The Punchline I Almost Never Found
What stand-up comedy taught me about perfectionism
“Perfectionism kills curiosity by telling us that we have
to know everything or we risk looking ‘less than.’”
-Brené Brown, Atlas of the Heart
For over a decade, I did stand-up comedy.
I started in Montana, driving hundreds of miles across the Western states to perform at a different bar or hotel lounge each night. Road comedy. Eventually, I moved to New York City to try to earn my stripes as a club comic. I took one of the first classes offered at the Comedy Cellar and started hitting open mics.
Comedy became my second language.
It also became the place where my perfectionism felt most at home.
Yellow Legal Pads
My process looked like this: I’d write jokes longhand on yellow legal pads. Write them, cross them out, rewrite them. When a joke started to feel close, I’d tear out the page and tape it to my bedroom wall.
Then I’d stand in front of it and practice out loud. Over and over, adjusting words and tightening the rhythm, until every beat felt right.
Only then would I take it to an open mic. Some jokes took months.
I told myself this was discipline. High standards and respect for the craft. And some of it was. Good comedy does require precision. Timing matters. Word choice matters. A single syllable can be the difference between a laugh and silence.
But somewhere along the way, the preparation stopped being about the work and started being about the control. If I could get the joke perfect on paper, I wouldn’t have to risk it falling apart on stage.
Five Minutes at Gotham
Two years after moving to NYC, I got a spot at Gotham Comedy Club.
It was a bringer showcase, which meant I had to bring a certain number of audience members just to get five minutes of stage time.

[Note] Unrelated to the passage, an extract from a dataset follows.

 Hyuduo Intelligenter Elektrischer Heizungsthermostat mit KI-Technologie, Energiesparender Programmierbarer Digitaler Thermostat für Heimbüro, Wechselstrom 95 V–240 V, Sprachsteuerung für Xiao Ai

Five minutes. Every second counts.
That night, something shifted. I knew my material cold. Every word, every pause, every beat. But instead of running through my mental script the way I usually did, I let it go. I stopped worrying about whether every line would land exactly the way I’d rehearsed it in my bedroom.
I just stepped onto the stage.
Towards the end of the set, I got to a bit about my love of cheese. It had one joke I’d been working on for a while, testing different punchlines, trying to find the right one. I had a version I’d been performing. It was fine. It worked.
But that night, standing in the lights at Gotham with the audience already with me, I threw out the punch line I’d been rehearsing and tried something simpler. One word instead of a full sentence.
The room erupted. And I did something that took me years to learn. I shut up and rode the wave. Time slows down when a room is fully with you. I could read every face, feel exactly when to push and when to wait. That performance got me invited back for more sets.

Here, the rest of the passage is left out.